Sur les frais liés au litige :
11. M. B... bénéficie de l'aide juridictionnelle totale. Par suite, son avocat peut se prévaloir des dispositions de l'article 37 de la loi du 10 juillet 1991. Il y a lieu, dans les circonstances de l'espèce, de mettre à la charge de l'État la somme de 1 200 euros à verser à Me Cesso sous réserve que ce dernier renonce à percevoir la part contributive de l'État à l'aide juridictionnelle.
DECIDE :
Article 1er : Le jugement n° 2303034 du tribunal administratif de Bordeaux du 24 janvier 2024 est annulé.
Article 2 : L'arrêté du préfet de la Gironde du 24 mai 2023 est annulé.

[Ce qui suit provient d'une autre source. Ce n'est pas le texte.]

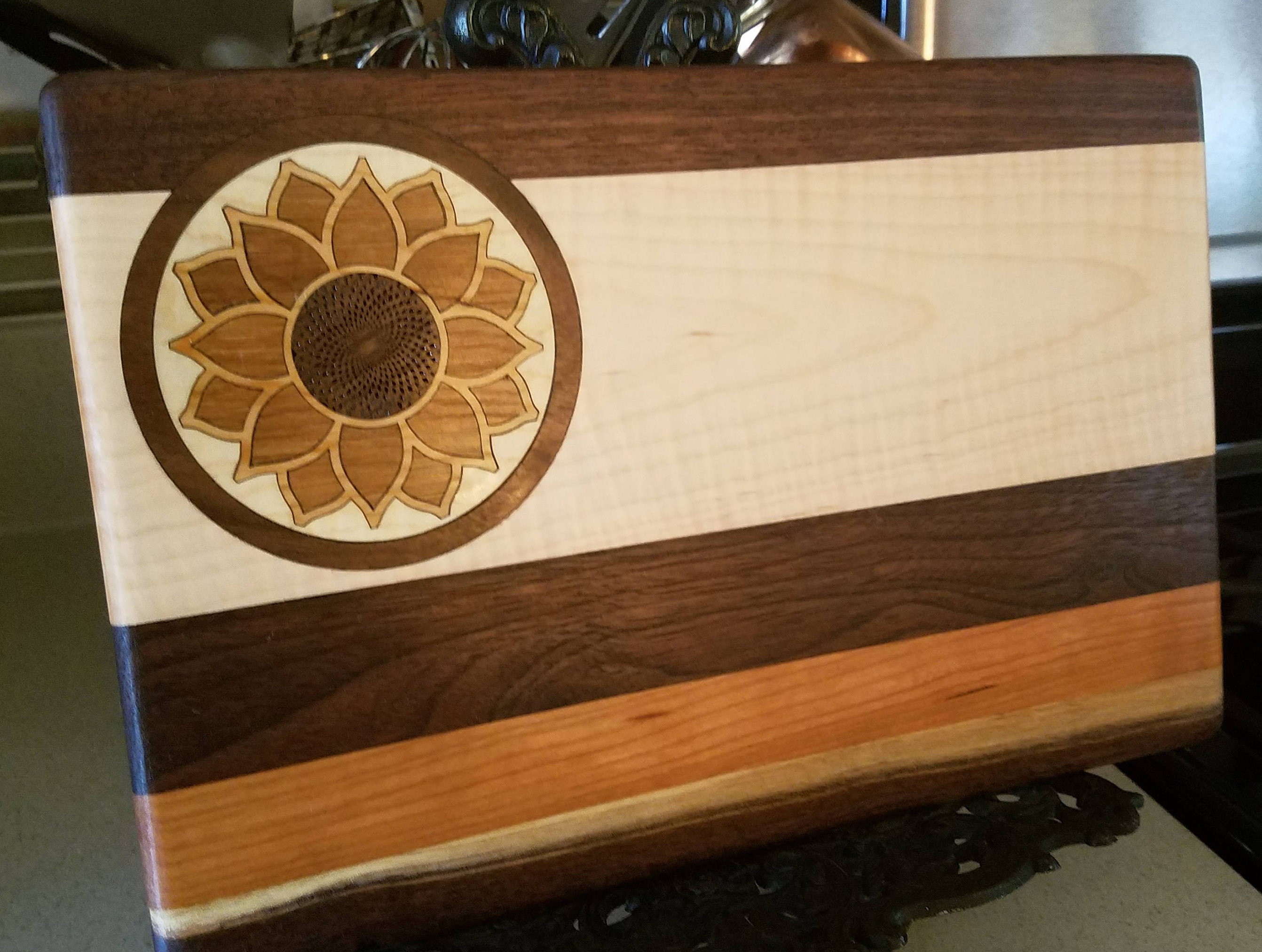 Wood Inlay Cutting Board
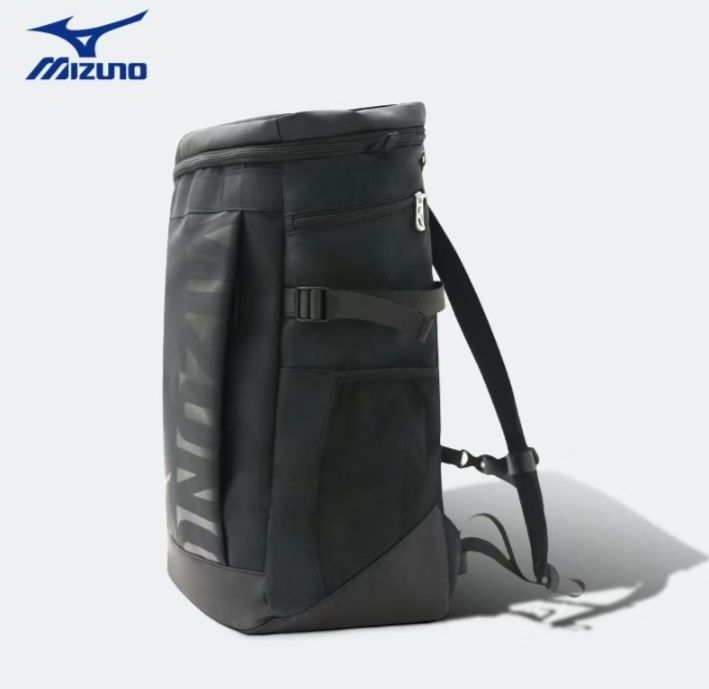 Рюкзяк Mizuno материал полиэстер. Качество отличное.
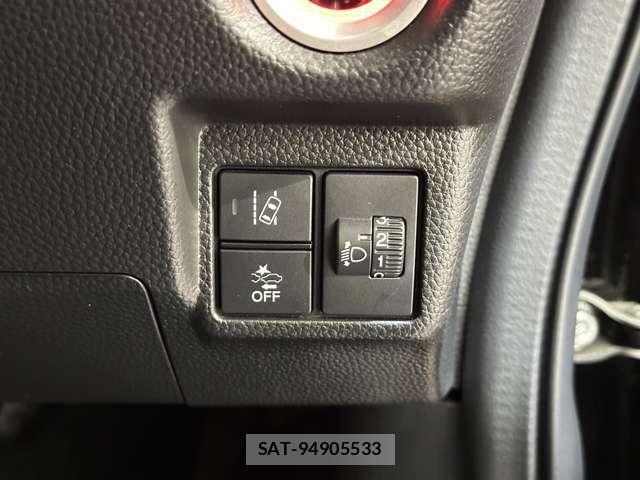 Honda N BOX CUSTOM 2023-02 7980236-14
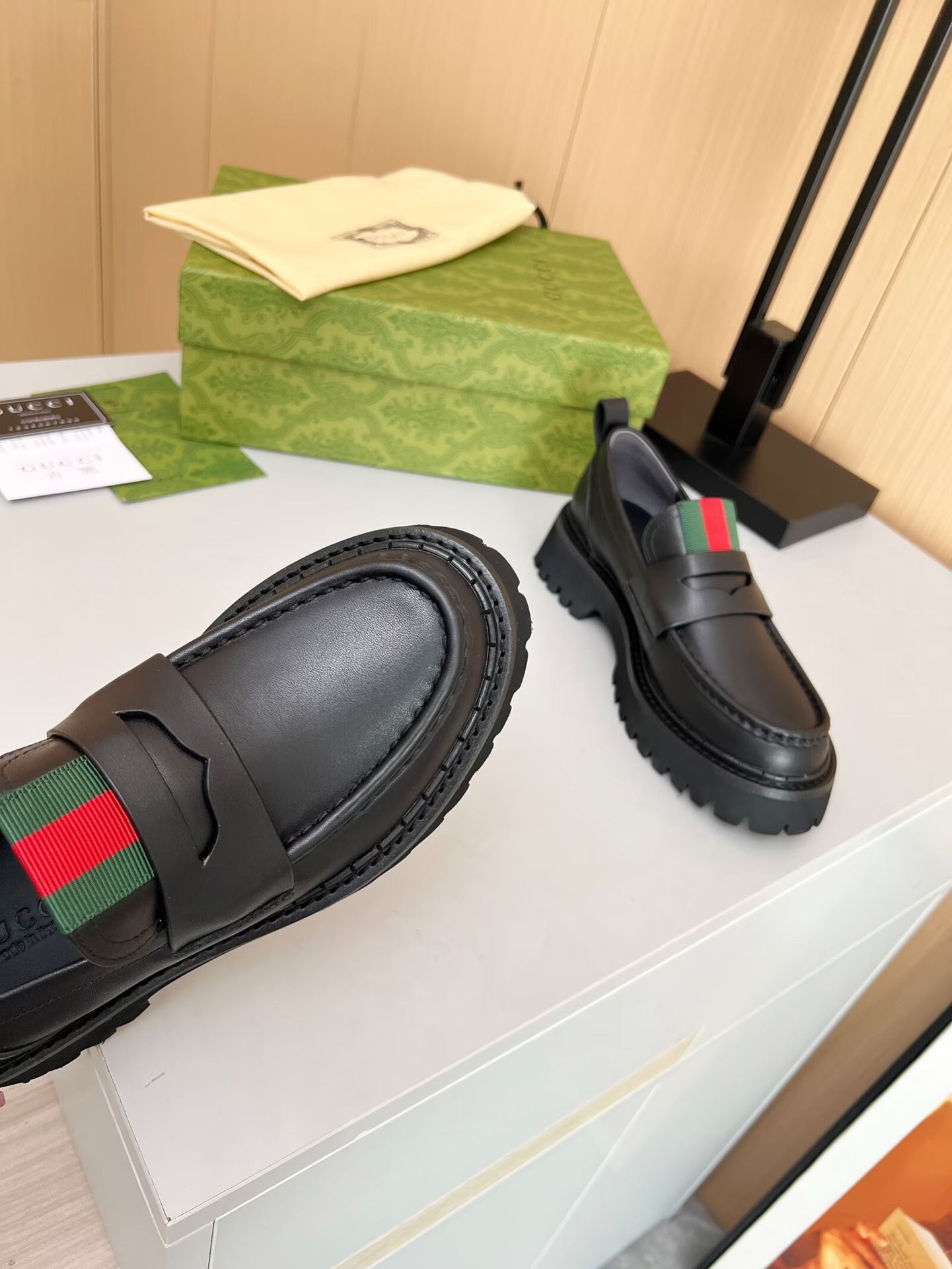Gucci women's leather shoes-16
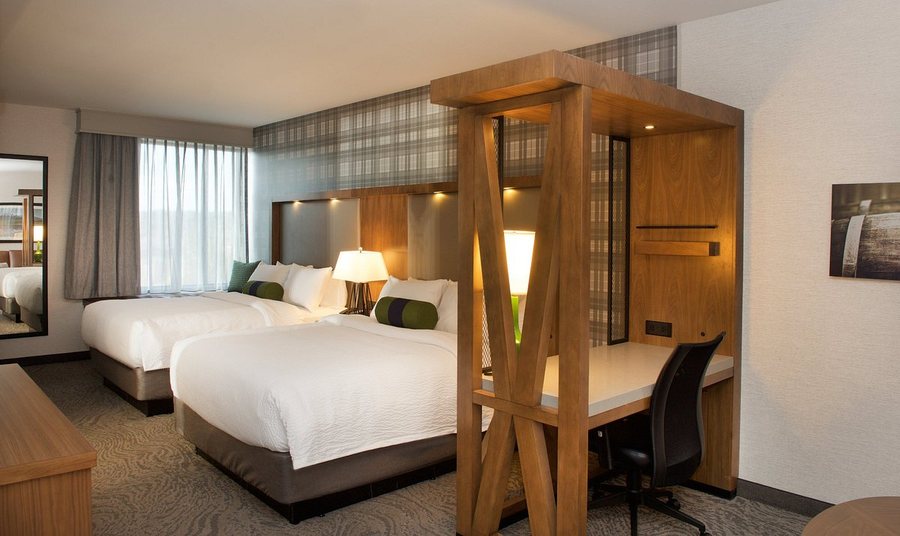Springhill Suites by Marriott Bend — Guest room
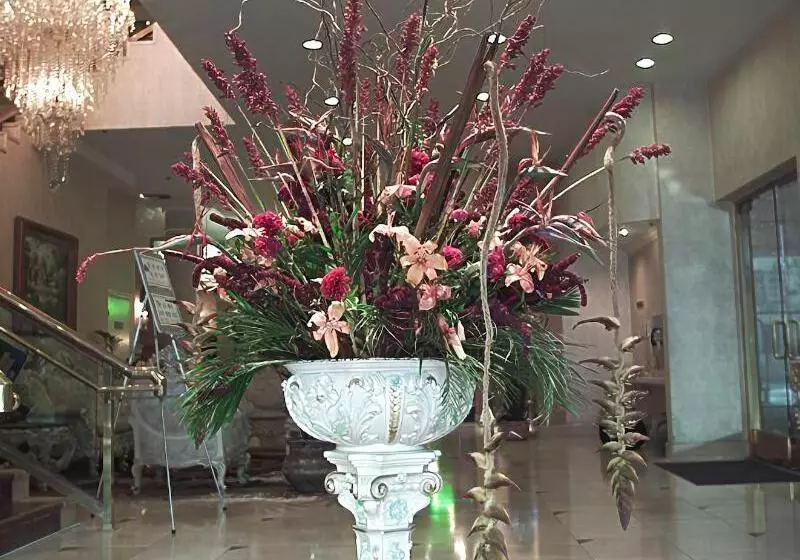 Jj Grand Hotel  Wilshire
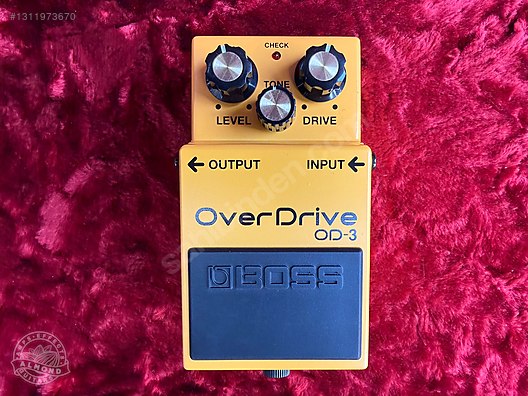 Boss OD-3 Overdrive - Efekt Pedalı ve Diğer Enstrüman Yan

Article 3 : Il est enjoint au préfet de la Gironde de procéder au réexamen de la demande de M. B... dans les conditions énoncées au point 10 du présent arrêt et dans le délai de trois mois suivant sa notification et, dans l'attente, de munir l'intéressé d'une autorisation provisoire de séjour.
Article 4 : L'État versera à Me Cesso la somme de 1 200 euros au titre des dispositions des articles L. 761-1 du code de justice administrative et 37 alinéa 2 de la loi du 10 juillet 1991 relative à l'aide juridique sous réserve que ce dernier renonce à percevoir la part contributive de l'État à l'aide juridictionnelle.
Article 5 : Le surplus des conclusions de la requête de M. B... est rejeté.
Article 6 : Le présent arrêt sera notifié à M. A... B..., au ministre de l'intérieur et au préfet de la Gironde.
Une copie sera adressée à l'Office français de l'immigration et de l'intégration.
Délibéré après l'audience du 17 décembre 2024 à laquelle siégeaient :
Mme Marie-Pierre Beuve Dupuy, présidente,
Mme Valérie Réaut, première conseillère.
M. Vincent Bureau, premier conseiller.
Rendu public par mise à disposition au greffe, le 14 janvier 2025.
La rapporteure,
Valérie Réaut
La présidente,
Marie-Pierre Beuve DupuyLe greffier,
Christophe Pelletier
La République mande et ordonne au ministre de l'intérieur en ce qui le concerne et à tous commissaires de justice à ce requis en ce qui concerne les voies de droit commun, contre les parties privées, de pourvoir à l'exécution du présent arrêt.